Have you ever wondered why some girls get upgraded to first class while others aren’t even asked if they’d prefer coffee, tea or juice? Well, there are a few simple tricks that can help you stand out from the crowd and be first in line for special treatment when you travel. No matter your budget, these travel ideas will have you being treated like a princess all around the world!
Remember that first impressions count. Backpacking and budget travel are not synonymous with slovenliness. You’re not going to be upgraded on your flight home from Budapest if you haven’t showered since Belgrade. Same if you’re wearing the same pair of sarouel pants you’ve had on since Tangiers (actually, make that any pair of sarouel pants). However, you don’t have to show up in head-to-toe Chanel to look clean and polished. When you arrive in the city you’ll be flying out of, do a quick load of laundry so that your nicest clothes will be clean for the flight home.

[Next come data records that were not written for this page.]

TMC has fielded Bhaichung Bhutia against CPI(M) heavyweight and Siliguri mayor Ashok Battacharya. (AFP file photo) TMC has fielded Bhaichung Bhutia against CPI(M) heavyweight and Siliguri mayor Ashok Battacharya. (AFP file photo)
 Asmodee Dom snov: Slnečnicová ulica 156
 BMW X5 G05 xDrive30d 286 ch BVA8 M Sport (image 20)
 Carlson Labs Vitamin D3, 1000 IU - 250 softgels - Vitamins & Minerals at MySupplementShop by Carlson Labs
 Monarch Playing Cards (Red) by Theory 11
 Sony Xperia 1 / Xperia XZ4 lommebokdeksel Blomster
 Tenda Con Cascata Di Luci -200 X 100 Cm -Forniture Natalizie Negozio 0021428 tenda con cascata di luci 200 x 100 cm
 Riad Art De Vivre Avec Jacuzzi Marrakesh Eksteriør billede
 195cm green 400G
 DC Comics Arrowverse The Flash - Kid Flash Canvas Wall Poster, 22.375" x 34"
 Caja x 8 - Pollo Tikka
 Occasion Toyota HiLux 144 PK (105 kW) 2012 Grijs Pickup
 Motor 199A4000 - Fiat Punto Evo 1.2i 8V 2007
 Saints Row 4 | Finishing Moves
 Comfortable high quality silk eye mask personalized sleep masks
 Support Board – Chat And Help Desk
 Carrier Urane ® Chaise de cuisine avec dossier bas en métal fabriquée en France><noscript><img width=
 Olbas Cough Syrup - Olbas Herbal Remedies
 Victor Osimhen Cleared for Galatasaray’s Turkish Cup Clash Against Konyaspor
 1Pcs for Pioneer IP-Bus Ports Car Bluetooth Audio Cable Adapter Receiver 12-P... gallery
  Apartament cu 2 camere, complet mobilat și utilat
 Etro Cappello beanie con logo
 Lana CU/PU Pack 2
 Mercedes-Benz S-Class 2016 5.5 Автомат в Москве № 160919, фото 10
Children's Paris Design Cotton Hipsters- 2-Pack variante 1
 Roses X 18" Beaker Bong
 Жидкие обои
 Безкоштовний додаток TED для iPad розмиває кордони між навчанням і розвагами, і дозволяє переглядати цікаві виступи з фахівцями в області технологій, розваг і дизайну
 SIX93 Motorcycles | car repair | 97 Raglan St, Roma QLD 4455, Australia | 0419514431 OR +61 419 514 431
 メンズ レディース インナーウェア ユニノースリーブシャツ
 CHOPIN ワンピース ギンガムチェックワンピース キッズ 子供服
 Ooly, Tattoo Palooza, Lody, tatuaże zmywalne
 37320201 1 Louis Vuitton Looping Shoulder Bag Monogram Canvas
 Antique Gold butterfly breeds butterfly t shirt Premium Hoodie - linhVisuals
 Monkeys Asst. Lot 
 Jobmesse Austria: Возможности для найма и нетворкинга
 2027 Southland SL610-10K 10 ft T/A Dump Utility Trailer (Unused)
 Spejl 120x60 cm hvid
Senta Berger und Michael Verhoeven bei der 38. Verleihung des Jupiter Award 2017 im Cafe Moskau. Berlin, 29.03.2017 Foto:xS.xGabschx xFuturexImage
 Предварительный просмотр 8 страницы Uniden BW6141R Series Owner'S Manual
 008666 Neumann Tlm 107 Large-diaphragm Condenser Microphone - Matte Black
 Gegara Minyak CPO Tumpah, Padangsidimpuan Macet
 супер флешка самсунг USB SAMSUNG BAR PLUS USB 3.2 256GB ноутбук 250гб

Look chic and comfortable in a pair of cuffed boyfriend jeans with a nice pair of flat shoes or sandals. Cover up your fifteen-dollar Target t-shirt with a well-loved leather jacket and throw your eReader into a cute satchel. A great packing tip is to make sure everything you plan to bring on your trip, including the clothes you’ll wear on the plane, fit into your checked luggage. When it comes time to head home you can wear your bulkiest items (like the leather jacket and jeans, or boots if you’re traveling in the winter) on the plane in order to free up some space in your luggage for duty-free shopping!
Also, pick up some key words in the local language. I know this is hard when you’re traveling from country to country. I’m embarrassed to admit that after ten days in Turkey I could barely say teşekkür ederim, and I felt so guilty about my bad pronunciation that I would often look at the ground rather than make eye contact as I thanked the staff in restaurants, shops and hostels. However, I did a lot better in Romania, because I had practiced the local language before I arrived using sites like LiveMocha and Duolingo. When people see that you’re making the effort to learn their language, they will often go above and beyond for you. It’s also totally okay to ask a local on the bus, train or plane how to say a few words in the local language prior to your arrival.
When you get the opportunity, talk to people. I found myself chatting to a girl from Denmark in my hostel in Riga. In a hostel it’s easy to put in your headphones or immerse yourself in a Skype call with your friends back home (just like in a hotel it’s easier to stay in your room with BBC World News than go down to the lobby for a solo cocktail), but it’s so much more interesting to get to know your fellow travelers. When the Danish girl departed the next day she asked if I would like to stay with her later that month, when I had an overnight connection in Copenhagen. On another occasion I was the only diner in one of the best restaurants I’ve ever visited. The owner/chef came out of the kitchen and joined me at my table for a glass of wine. We chatted about being vegetarian and he surprised me with a free, off-menu dessert (minimally-sweetened vanilla ice cream with sea salt, black pepper and fresh raspberry sauce- his favorite, apparently).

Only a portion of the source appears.